EXERCISE DETAILS:
Working from the records below, repeat exactly the lines starting at the line that contains "Houten lijst met afbeelding olifant" and ending at the line that contains "Стенд информационный с", inclusive.

INFORMATION SUPPLIED:
········
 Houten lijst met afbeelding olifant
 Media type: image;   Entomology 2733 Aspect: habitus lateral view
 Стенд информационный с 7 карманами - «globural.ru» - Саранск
········
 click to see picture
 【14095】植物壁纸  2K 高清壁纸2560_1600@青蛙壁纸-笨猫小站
········
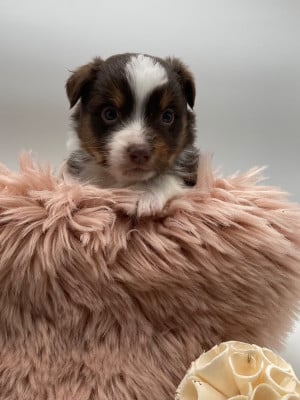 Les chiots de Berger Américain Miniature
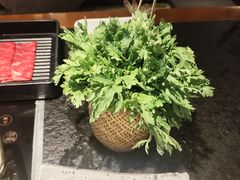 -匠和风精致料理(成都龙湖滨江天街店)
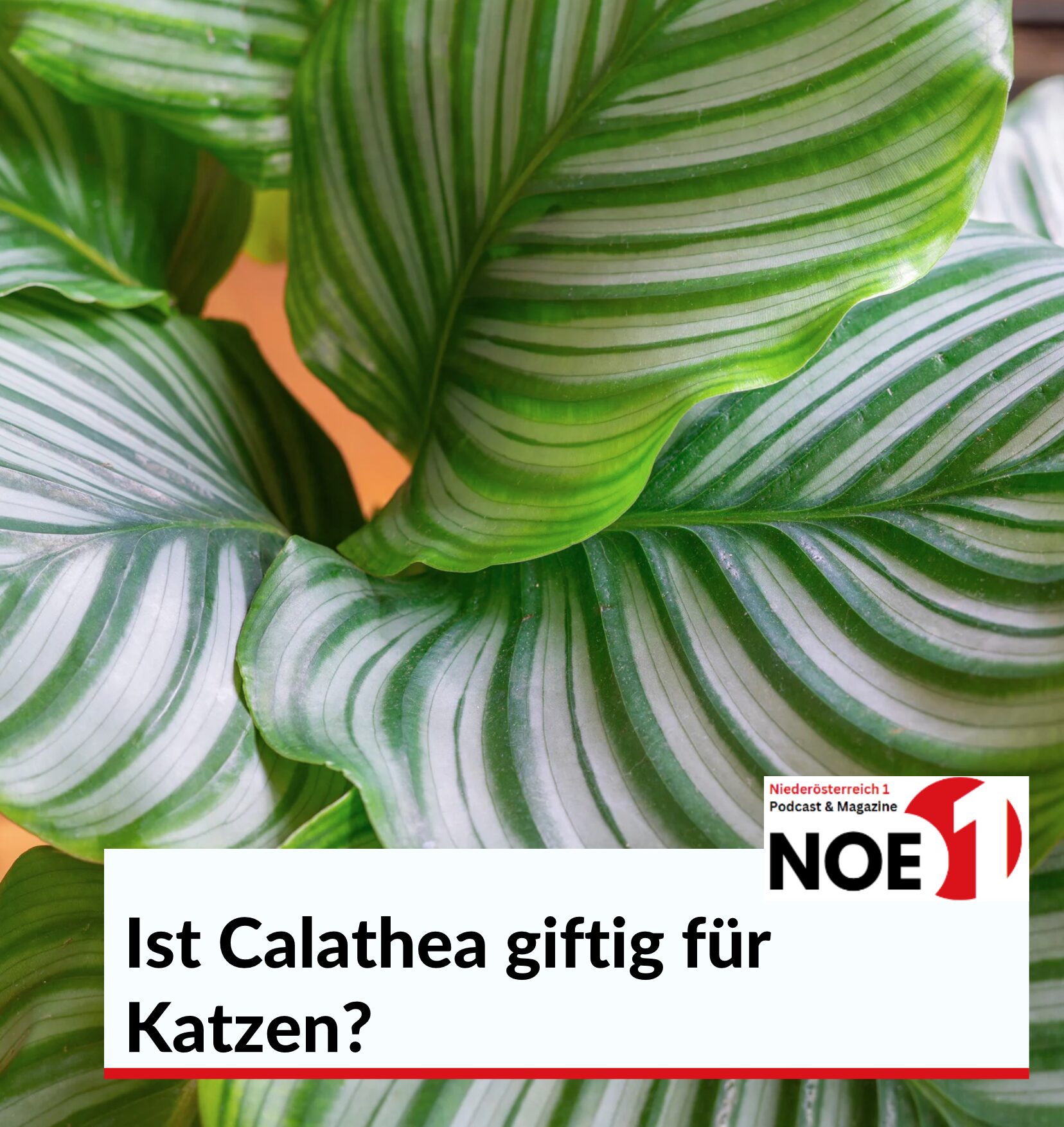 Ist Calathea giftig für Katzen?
········
EXERCISE RESPONSE:
 Houten lijst met afbeelding olifant
 Media type: image;   Entomology 2733 Aspect: habitus lateral view
 Стенд информационный с 7 карманами - «globural.ru» - Саранск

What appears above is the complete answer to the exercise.